Location: Bentley University, Waltham, Massachusetts

Duration: 3 months


My Testing and Assessment course team (Anderson Blanton, Amanda Holmes, Cameron Cross and I) were consultants to an esteemed insurance company that has recently established a presence on the Alexa Skill platform, accessible through Amazon Echo devices.

We were assigned to conduct individual expert reviews and usability tests of the First Notice of Loss (FNOL) process via Alexa Skill to determine the current usability of the application. My team worked very closely with the heads of the UX Design and Development teams at the insurance company to test the efficacy and gain first impressions of their newly designed interaction on a voice user interface.



A few meetings with the clients helped us understand their business goals and expectations for the review. We aligned these with general usability goals and voice interface industry best practices to design a set of heuristics to test the product against.


Each of us performed a heuristic review of the interaction, analyzed each other’s individual findings to minimize evaluator bias and collected them in a cohesive report. We used this report to triangulate results from the usability study and present recommendations to our client.

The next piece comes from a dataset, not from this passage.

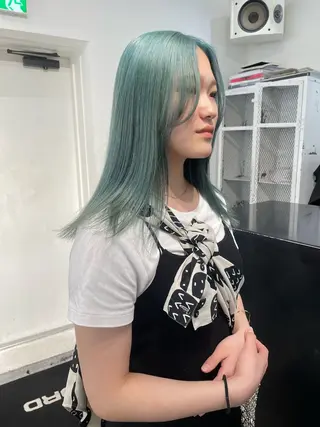 ミディアム カラー ヘアアレンジ 艶ハイトーン/ヘア アレンジAYAKAのヘアスタイル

I designed the “verbal screenshot” visual to present our findings in a compelling way to the  stakeholders.


The Challenge:

  • Testing a voice user interface proved challenging with the conventional methods used for graphical user interfaces like Think Aloud and Cognitive Walkthrough.
  • Participants couldn’t talk over Alexa and we couldn’t pause the interaction to ask for feedback because that would break their flow.
  • We also didn’t want to rely on participant feedback solely from their memory of the interaction.

Our Solution:

To get accurate and insightful feedback we came up with the Voice Visualization technique. After
participants completed their task we asked them to draw out their interaction with Alexa based on
their experience with the task.

  • This gave participants:
  • The time to decompress after completing what was a potentially stressful task
  • The opportunity to transfer their emotions to a physical artifact, a drawing, that the moderator could then use to launch discussion.
  • A way to narrate their emotional experience with the interaction without increasing their cognitive load by having to accurately express their emotions solely from memory.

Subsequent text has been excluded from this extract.